Per gli uploader colpevoli dei leak degli album musicali la giustizia britannica si era già pronunciata emettendo condanne a lavori di utilità sociale per un numero variabile di ore. Ellis rischiava molto di più perché nei suoi confronti l’industria (e in particolare IFPI ) aveva imbastito accuse di associazione a delinquere tesa a favorire l’infrazione di copyright, accuse che gli avevano già procurato un periodo di detenzione che rischiava di ripetersi in futuro.
Le cronache dal processo parlano del legale delle major (Peter Makepeace) scatenato nei confronti di Ellis, che nelle cifre da lui indicate – “21 milioni di download, 600mila album e oltre, 300mila sterline” scandisce Makepeace descrivendo OiNK come una “cash cow” – verrebbe ritratto come un criminale che ha intascato almeno 183mila sterline in forma di donazioni degli utenti in favore del portale e del tracker.
Makepeace ammette le virtù tecnologiche di OiNK e (ancorché indirettamente) le doti di Ellis come coder e amministratore, ma prova contemporaneamente a fare a pezzi le prove presentate in precedenza (da parte del professor Birgitte Andersenok della University of London) circa l’impermeabilità delle vendite musicali rispetto al file sharing.
Di parere ovviamente contrari gli avvocati di Ellis, che si sono mossi sul doppio binario della difesa del loro assistito (dipinto come un “innovatore” il cui talento andrebbe tutelato e non fatto a pezzi da “qualche organizzazione dei media”) e la denuncia senza appello del comportamento delle etichette discografiche.

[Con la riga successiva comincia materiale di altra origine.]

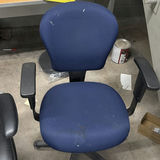 Two Office Chairs and Rolling Utility Cart - thumbnail 3 of 4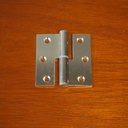 Door hinge 'Champagne' by HGD Belgium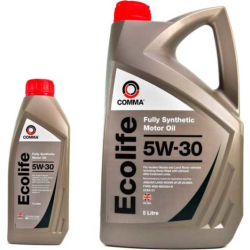 Comma Ecolife 5W-30 1 л, (ECL1L)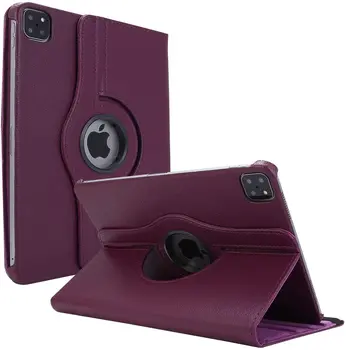 iPad Pro 11'' Stand Cover 2020,TechCode 360 Degree Rotating PU Leather Slim Tablet Protector Smart Stand Feature Flip Folio
iPad Pro 11'' Stand Cover 2020,TechCode 360 Degree Rotating PU Leather Slim Tablet Protector Smart Stand Feature Flip Folio
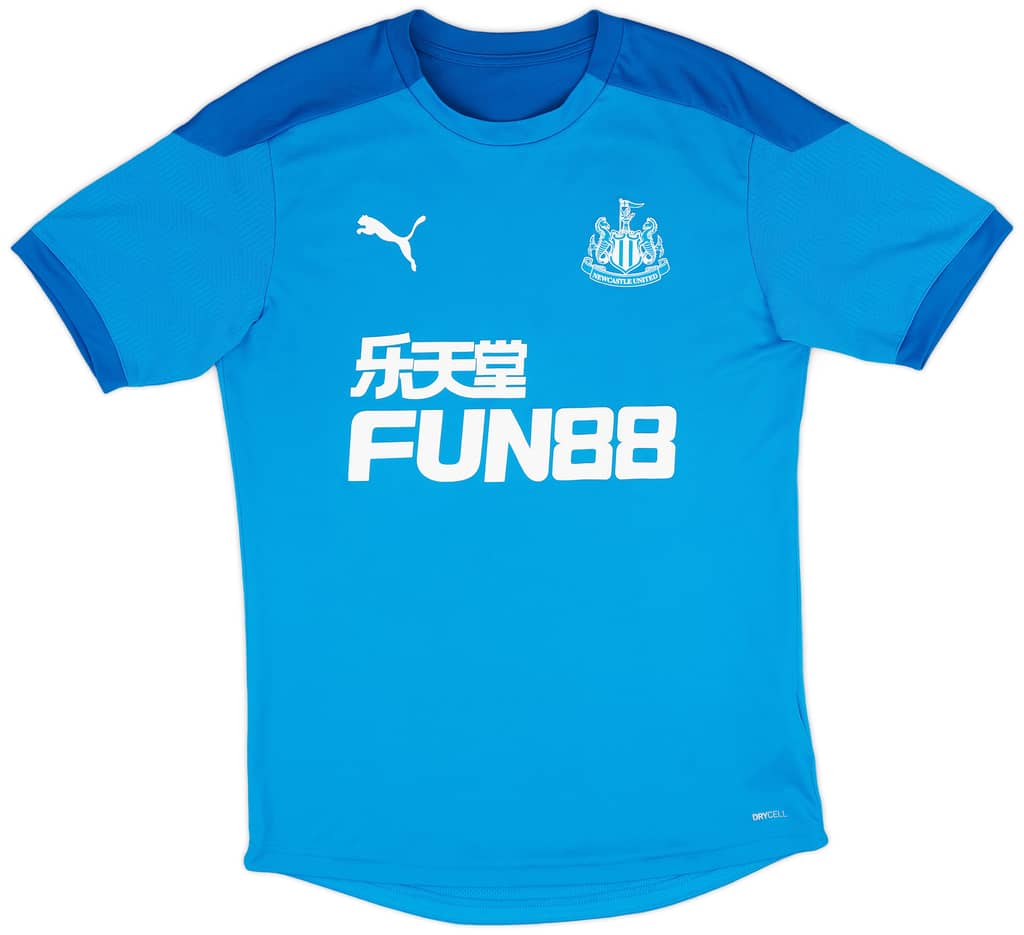 2020-21 Newcastle Puma Training Shirt - 9/10 - (S)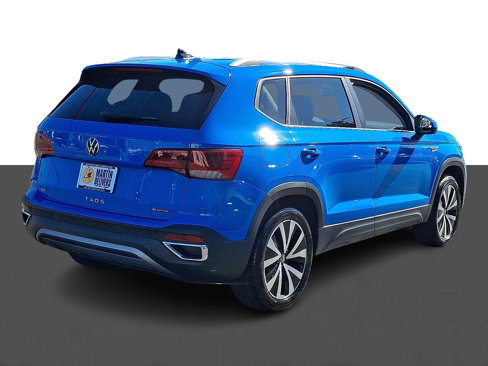 Used 2022 Volkswagen Taos SE image 6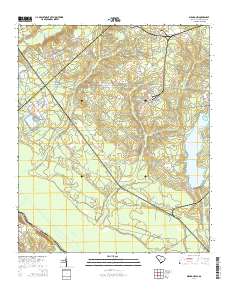 Girard NW 2014 topographic map thumbnail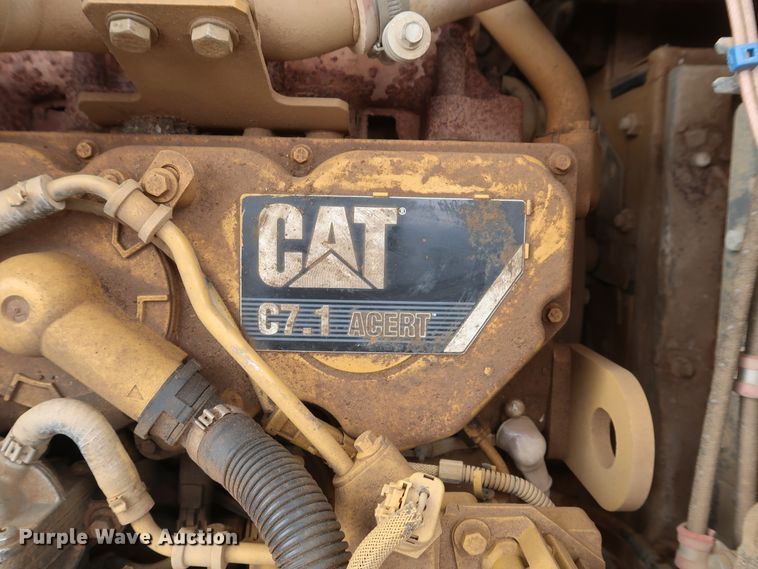 image for item DG7141 2012 Caterpillar 329E L excavator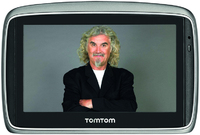 Billy Connolly:  New voice of TomTom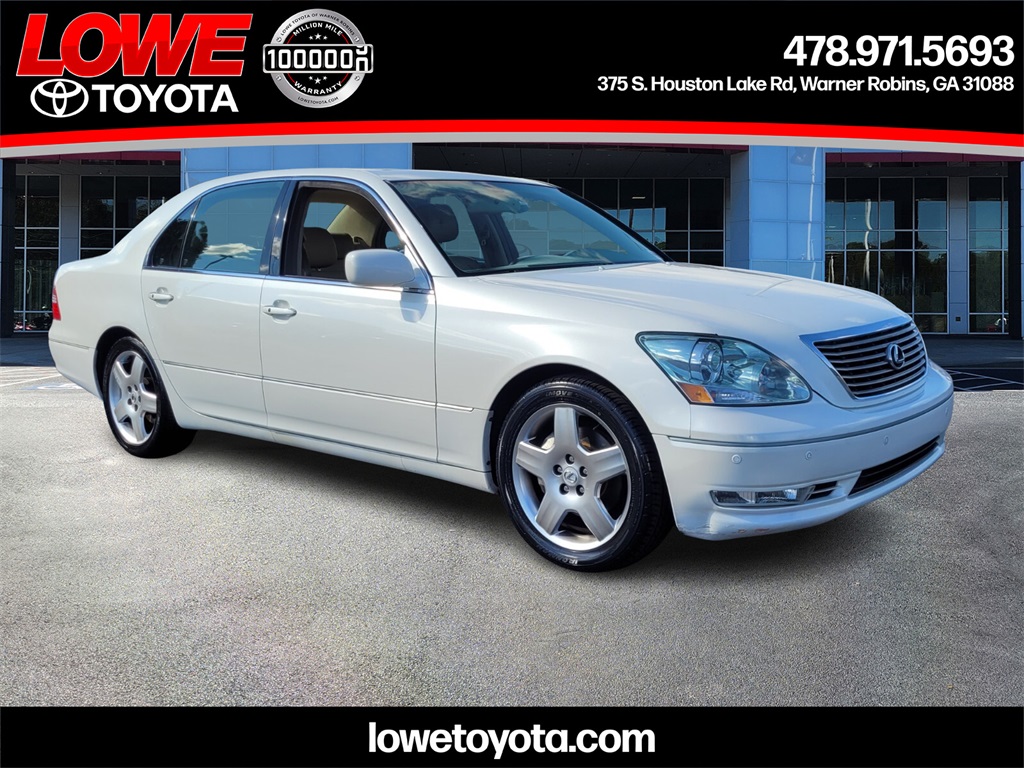 2006 Lexus LS 430's photo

Queste, secondo la difesa, non hanno fatto altro che usare il sito come forma di promozione dei loro stessi prodotti (prova ne sia il fatto che Ellis non abbia mai ricevuto alcuna richiesta di rimozione o chiusura) cambiando drasticamente comportamento una volta che OiNK era diventato troppo ingombrante. In quel momento, punzecchiano i legali, “magari hanno deciso di usare un approccio di marketing differente”.
Sia come sia alla fine la giuria ha stabilito che Ellis è innocente con un verdetto (inappellabile) all’unanimità. L’ex-admin del “Palazzo Rosa” del P2P musicale ha dunque chiuso i conti con l’industria musicale in terra britannica, e proprio mentre una serie di personalità del mondo dei media scrive una lettera aperta al governo in supporto dei piani “ammazza-P2P” contenuti nel discusso disegno di legge “Digital Britain”.
Il file sharing indiscriminato mette a rischio i posti di lavoro di oggi così come quelli di domani, recita la lettera indirizzata a Downing Street, una posizione che appare in netto contrasto con la decisione presa dalla giuria del caso Alan Ellis e che lascia presagire un iter non proprio facilissimo delle nuove norme in via di approvazione nel parlamento inglese.